## Work to complete:
Quote every line from the top of the listing down to and including the line that contains "Immigrants from England".
===== Excerpted data =====
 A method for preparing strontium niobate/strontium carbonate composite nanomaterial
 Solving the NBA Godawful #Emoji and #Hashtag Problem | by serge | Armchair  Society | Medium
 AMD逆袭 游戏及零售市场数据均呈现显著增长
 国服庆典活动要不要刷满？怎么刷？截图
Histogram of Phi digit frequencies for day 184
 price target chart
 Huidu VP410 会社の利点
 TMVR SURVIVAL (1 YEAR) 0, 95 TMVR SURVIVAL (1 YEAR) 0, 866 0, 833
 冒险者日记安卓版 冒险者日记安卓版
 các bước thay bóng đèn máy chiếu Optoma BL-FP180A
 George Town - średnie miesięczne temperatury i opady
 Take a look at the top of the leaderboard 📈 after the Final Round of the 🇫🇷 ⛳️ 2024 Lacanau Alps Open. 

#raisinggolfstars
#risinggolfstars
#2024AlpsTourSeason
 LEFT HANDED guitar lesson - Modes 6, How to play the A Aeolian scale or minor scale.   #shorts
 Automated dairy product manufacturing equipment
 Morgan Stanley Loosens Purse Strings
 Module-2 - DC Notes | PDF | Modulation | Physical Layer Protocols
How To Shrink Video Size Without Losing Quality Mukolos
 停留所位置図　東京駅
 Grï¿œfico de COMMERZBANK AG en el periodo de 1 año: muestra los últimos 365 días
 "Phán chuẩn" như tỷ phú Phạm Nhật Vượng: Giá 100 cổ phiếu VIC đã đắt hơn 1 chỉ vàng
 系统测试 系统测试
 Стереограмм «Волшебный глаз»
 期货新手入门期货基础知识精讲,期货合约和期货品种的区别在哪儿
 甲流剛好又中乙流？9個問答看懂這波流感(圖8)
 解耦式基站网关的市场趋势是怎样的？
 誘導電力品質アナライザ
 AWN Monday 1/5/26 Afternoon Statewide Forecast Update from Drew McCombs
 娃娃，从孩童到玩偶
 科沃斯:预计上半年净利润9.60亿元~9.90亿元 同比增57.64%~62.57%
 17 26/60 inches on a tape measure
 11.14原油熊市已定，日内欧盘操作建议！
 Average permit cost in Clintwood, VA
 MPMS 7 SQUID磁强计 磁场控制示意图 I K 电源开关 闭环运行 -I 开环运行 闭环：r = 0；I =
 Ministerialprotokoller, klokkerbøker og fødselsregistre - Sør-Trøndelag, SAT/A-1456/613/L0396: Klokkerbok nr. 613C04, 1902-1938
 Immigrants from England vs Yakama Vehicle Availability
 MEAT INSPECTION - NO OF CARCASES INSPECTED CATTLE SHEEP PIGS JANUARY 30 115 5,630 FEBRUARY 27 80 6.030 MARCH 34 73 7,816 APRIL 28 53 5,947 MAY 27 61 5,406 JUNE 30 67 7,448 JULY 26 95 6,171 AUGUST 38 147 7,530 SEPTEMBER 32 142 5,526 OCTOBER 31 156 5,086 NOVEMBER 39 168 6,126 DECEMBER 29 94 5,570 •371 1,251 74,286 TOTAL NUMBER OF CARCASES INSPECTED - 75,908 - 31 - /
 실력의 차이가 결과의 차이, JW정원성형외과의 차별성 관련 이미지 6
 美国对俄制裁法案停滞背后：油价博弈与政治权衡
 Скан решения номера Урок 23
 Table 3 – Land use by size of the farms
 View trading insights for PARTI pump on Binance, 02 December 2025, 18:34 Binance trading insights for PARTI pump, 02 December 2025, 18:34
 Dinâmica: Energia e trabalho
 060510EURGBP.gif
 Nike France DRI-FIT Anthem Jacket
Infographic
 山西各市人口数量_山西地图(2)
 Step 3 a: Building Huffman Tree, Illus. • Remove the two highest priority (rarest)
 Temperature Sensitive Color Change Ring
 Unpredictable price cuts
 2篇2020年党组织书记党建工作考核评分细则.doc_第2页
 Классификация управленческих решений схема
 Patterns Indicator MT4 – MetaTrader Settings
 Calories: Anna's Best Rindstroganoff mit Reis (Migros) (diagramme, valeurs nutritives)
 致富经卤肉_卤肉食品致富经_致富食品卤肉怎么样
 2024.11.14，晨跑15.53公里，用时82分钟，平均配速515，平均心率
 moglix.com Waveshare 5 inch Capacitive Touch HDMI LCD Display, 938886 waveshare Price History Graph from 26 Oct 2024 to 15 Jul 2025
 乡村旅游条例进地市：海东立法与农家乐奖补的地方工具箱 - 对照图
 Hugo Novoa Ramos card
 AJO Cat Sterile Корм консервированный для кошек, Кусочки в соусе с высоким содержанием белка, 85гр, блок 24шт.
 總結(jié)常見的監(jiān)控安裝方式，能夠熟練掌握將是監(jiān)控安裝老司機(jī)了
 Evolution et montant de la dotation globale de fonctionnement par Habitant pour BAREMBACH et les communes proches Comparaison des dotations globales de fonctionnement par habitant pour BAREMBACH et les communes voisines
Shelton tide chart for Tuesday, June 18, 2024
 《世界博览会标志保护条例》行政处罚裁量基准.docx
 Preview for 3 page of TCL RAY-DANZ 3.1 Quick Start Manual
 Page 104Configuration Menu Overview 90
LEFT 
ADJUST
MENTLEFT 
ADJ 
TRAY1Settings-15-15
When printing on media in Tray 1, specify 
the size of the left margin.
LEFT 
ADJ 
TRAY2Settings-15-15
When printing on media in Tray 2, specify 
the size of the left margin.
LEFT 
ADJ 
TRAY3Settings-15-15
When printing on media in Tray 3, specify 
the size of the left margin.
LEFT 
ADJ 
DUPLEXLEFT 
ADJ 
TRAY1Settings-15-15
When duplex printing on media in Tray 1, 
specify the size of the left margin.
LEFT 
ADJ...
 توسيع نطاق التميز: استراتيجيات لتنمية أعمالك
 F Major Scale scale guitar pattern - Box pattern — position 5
=====
## Output for this task:
 A method for preparing strontium niobate/strontium carbonate composite nanomaterial
 Solving the NBA Godawful #Emoji and #Hashtag Problem | by serge | Armchair  Society | Medium
 AMD逆袭 游戏及零售市场数据均呈现显著增长
 国服庆典活动要不要刷满？怎么刷？截图
Histogram of Phi digit frequencies for day 184
 price target chart
 Huidu VP410 会社の利点
 TMVR SURVIVAL (1 YEAR) 0, 95 TMVR SURVIVAL (1 YEAR) 0, 866 0, 833
 冒险者日记安卓版 冒险者日记安卓版
 các bước thay bóng đèn máy chiếu Optoma BL-FP180A
 George Town - średnie miesięczne temperatury i opady
 Take a look at the top of the leaderboard 📈 after the Final Round of the 🇫🇷 ⛳️ 2024 Lacanau Alps Open. 

#raisinggolfstars
#risinggolfstars
#2024AlpsTourSeason
 LEFT HANDED guitar lesson - Modes 6, How to play the A Aeolian scale or minor scale.   #shorts
 Automated dairy product manufacturing equipment
 Morgan Stanley Loosens Purse Strings
 Module-2 - DC Notes | PDF | Modulation | Physical Layer Protocols
How To Shrink Video Size Without Losing Quality Mukolos
 停留所位置図　東京駅
 Grï¿œfico de COMMERZBANK AG en el periodo de 1 año: muestra los últimos 365 días
 "Phán chuẩn" như tỷ phú Phạm Nhật Vượng: Giá 100 cổ phiếu VIC đã đắt hơn 1 chỉ vàng
 系统测试 系统测试
 Стереограмм «Волшебный глаз»
 期货新手入门期货基础知识精讲,期货合约和期货品种的区别在哪儿
 甲流剛好又中乙流？9個問答看懂這波流感(圖8)
 解耦式基站网关的市场趋势是怎样的？
 誘導電力品質アナライザ
 AWN Monday 1/5/26 Afternoon Statewide Forecast Update from Drew McCombs
 娃娃，从孩童到玩偶
 科沃斯:预计上半年净利润9.60亿元~9.90亿元 同比增57.64%~62.57%
 17 26/60 inches on a tape measure
 11.14原油熊市已定，日内欧盘操作建议！
 Average permit cost in Clintwood, VA
 MPMS 7 SQUID磁强计 磁场控制示意图 I K 电源开关 闭环运行 -I 开环运行 闭环：r = 0；I =
 Ministerialprotokoller, klokkerbøker og fødselsregistre - Sør-Trøndelag, SAT/A-1456/613/L0396: Klokkerbok nr. 613C04, 1902-1938
 Immigrants from England vs Yakama Vehicle Availability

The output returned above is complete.